When I saw the video below, however, Jake’s repertoire suddenly seemed very minuscule. Check out this amazing dog who seems to absolutely love doing double-Dutch jump rope. (Some YouTube viewers have complained about the music. Just turn it down if you don’t like it, because the doggy is great without it, too.)
I always like to know how dogs learn things like this, since my dog’s “tricks” can fit into the palm of his scratch paw. Fortunately, the dog’s owner, Samantha Valle, who travels around North America with Stunt Dog Productions, tells about the trick and the dog on her YouTube page:
“The dog is Geronimo and she’s a two-year-old cattledog mix. I pulled her out of a pound in Missouri while I was performing there two summers ago. She was three months old. Mo’s specialty is tricks. She loves to train tricks, but also has a knack for agility and frisbee. I have seven dogs total, all mixes of herding dogs, which are my favorite.
“This trick took five straight weeks until it was perfect for me to call complete. I practiced it every single day, several hours a day. Now, there are a lot of hours in a day, folks, and I like frequent breaks, although Mo wonders why we are stopping and not jumping all day long. 😉 Mo will work all day, she loves to EAT!!
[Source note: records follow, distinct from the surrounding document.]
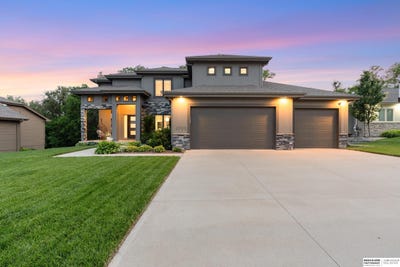 /international/us/2506-n-188th-street-elkhorn-ne-110100928567/?lang=en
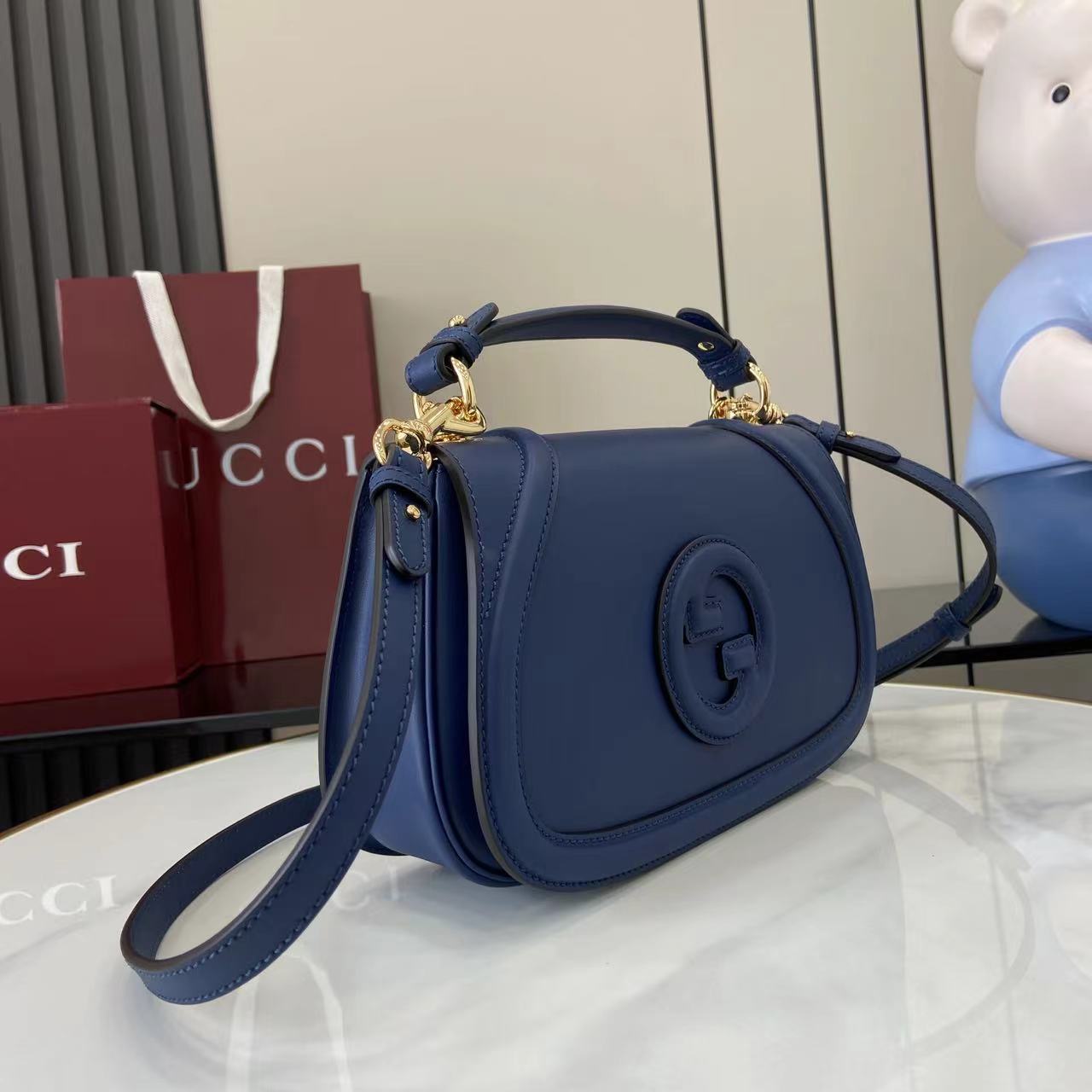 Gucci Blondie Medium Top Handle Bag
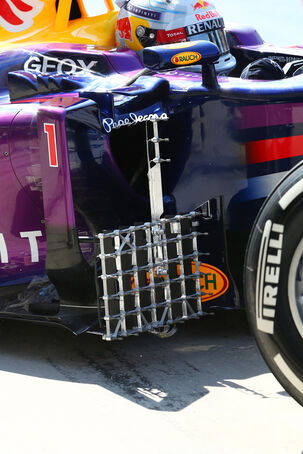 [Imagen: Sebastian-Vettel-Red-Bull-Formel-1-GP-Un...706203.jpg]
“This is the first time I’ve trained this specific trick, so it was all trial and error. There were no specific steps I really took that made a huge difference. All I can really remember doing is trying a bunch of different things, rewarding her small successes until the trick was complete.
“This trick is so amazing because of all the things going on at once. Think about it: She has to find that ‘sweet spot’ in the rope where she can jump in, wait for the perfect time to jump in, watch the board on the floor and the ropes at the same time so she knows where and when to jump in, then she must time the jump perfectly, land, and immediately find the rhythm of the ropes and jump. She’s just not running and gunning it. She waits for the right time (which through hours of practice, she has figured out) and jumps in. The stick is there to keep her in the middle of the ropes. As i found out by teaching my other dogs to jump with just one rope, they all want to jump right on top of you or into you really closely.
“My vision for this trick is exactly how you see it now: A dog that runs and jumps into two ropes while staying in the middle as if she were jumping like a human. I’m happy with the end result. Mo is happy to jump, and I hope you all are happy to view her video and watch her having a good time.“
Hope this helps you jump into your Tuesday with a smile on your snout!